The eighth track on the album is an interlude entitled "Burnt Norton (Interlude)", the short spoken-word piece features Del Rey reciting an extract of the first poem from T. S. Eliot's Four Quartets, which speaks about the nature of time, and meditates on the idea of fate, with an underlying suggestion our present experiences are out of our control. The words are recited over an art rock instrumental production. "Religion" was noted as being one of Del Rey's most optimistic love songs, however the song was also noted for still be "tinged with the singer's favourite kind of noirish self-destruction". Lyrics that were noted for being optimistic were; "Everything is bright now" but this lyric is immediately followed with resignation "No need to survive now". "Salvatore" mixes violins, military drumbeats and verses sung in Italian which have been described as evoking "1940s Italy via Frank Sinatra". Lyrically, the track was seen as a sequel to "Summertime Sadness" with lyrics such as "Summer's hot but I've been cold without you". "Salvatore" was described as a two-step song by Nina Corcoran of Consequence of Sound, Corcoran noted the song sound as being "straight out of a resort hotel ballroom" before to continuing to describe the track as having jazz drums with "clean and rich" production.

"The Blackest Day" is a post-breakup ballad, that primarily deals with the stages of grief. The first verse explores themes of denial, apparent in lyrics such as "I don't really wanna break up, we got it going on". The second stage of grief, anger, is exemplified by the tone of the bridge: "You should've known better, than to have, to let her, get you under her spell of the weather". The second verse shows Del Rey bargaining: "Carry me home, don't wanna talk about the things to come/Just put your hands up in the air, the radio on", before Del Rey reaches the point of acceptance in the outro: "I'm on my own again". "24" is a cinematic song that received comparison to the James Bond theme songs, due to its musical style and lyrics which were noted as being sung from the perspective of a Bond girl. "Swan Song" is a smooth, elegant theatrical song, that contains humming and low beats, with tragic lyrics that hear Del Rey repeatedly whisper "I will never sing again" and contains themes of Del Rey pleasing to run away from responsibility. The album closes with a cover of Nina Simone's "Don't Let Me Be Misunderstood", which showcase Del Rey's operatic readings of classical '60s Hollywood melodrama and contains organ riffs.

Packaging and artwork
The album's cover artwork was photographed by Del Rey's sister, Caroline "Chuck" Grant, and features Del Rey posed on a Starline tour bus, a sightseeing bus system in Los Angeles that tours the city. As part of a promotional gimmick, the 1-800 phone number displayed on the side of the bus was answered with clips of tracks from the album when called, and on some occasions, Del Rey herself answered the phone to talk with fans.

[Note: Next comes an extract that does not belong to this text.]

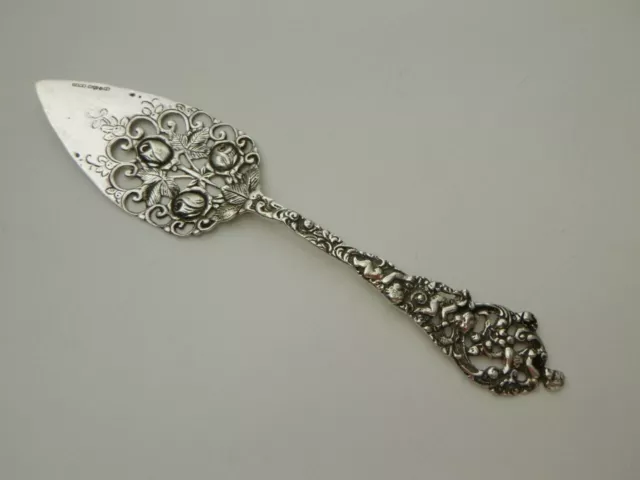 Swedish Silver Pastry Server Cherubs Roses 7 3/4" Gewe M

Originally, Del Rey had collaborated with photographer Neil Krug on a cover for the album, and taken a series of photos. "The pictures were perfect, but something was missing," Del Rey commented in a 2015 interview. "Maybe it was the need for movement and motion or the search for a single frame that felt extra graphic." The liner notes to the CD and vinyl releases, however, still feature additional photography by Krug.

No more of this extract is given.